### Exercise objective
Below are some entries. Transcribe the lines from the one holding "Ein gemütliches Wohnzimmer" to the one holding "Ein Essbereich mit", inclusive, but not the pictures among them.

### Extracted data
______________________________

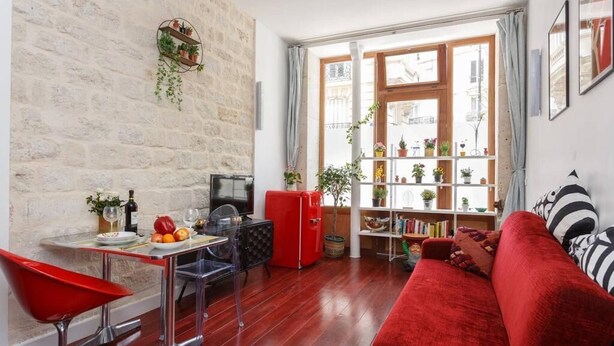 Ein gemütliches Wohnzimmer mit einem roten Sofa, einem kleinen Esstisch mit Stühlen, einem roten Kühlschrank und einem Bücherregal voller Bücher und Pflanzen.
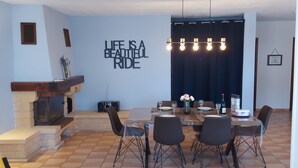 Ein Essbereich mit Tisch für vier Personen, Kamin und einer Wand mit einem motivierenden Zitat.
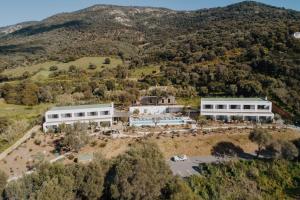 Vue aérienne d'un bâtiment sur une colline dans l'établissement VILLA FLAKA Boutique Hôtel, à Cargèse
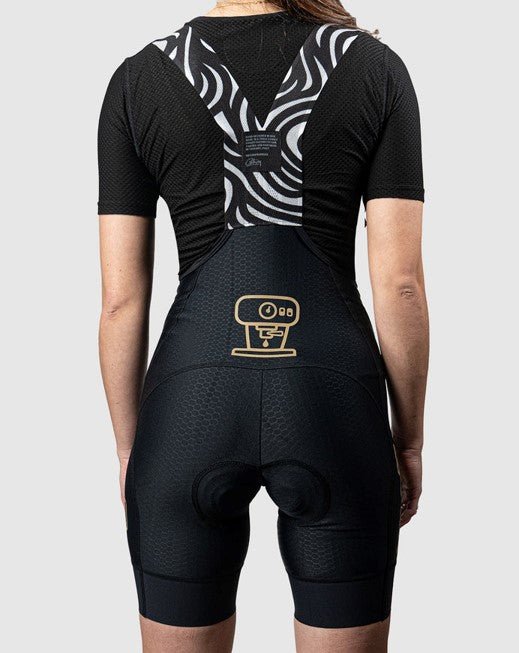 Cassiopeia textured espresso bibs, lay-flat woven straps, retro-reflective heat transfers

______________________________

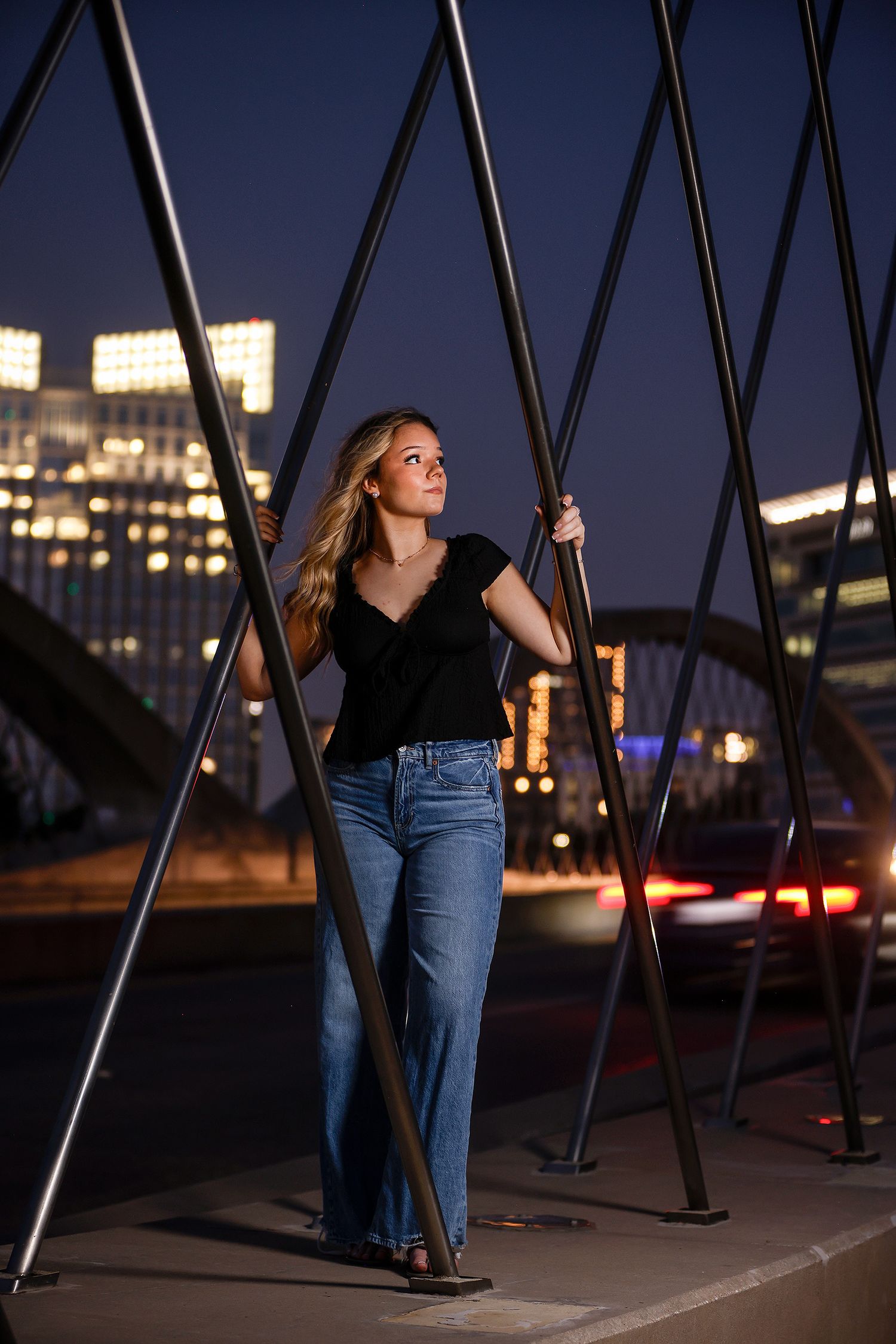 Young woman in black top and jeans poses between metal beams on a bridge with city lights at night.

______________________________

### Solution to the problem
 Ein gemütliches Wohnzimmer mit einem roten Sofa, einem kleinen Esstisch mit Stühlen, einem roten Kühlschrank und einem Bücherregal voller Bücher und Pflanzen.
 Ein Essbereich mit Tisch für vier Personen, Kamin und einer Wand mit einem motivierenden Zitat.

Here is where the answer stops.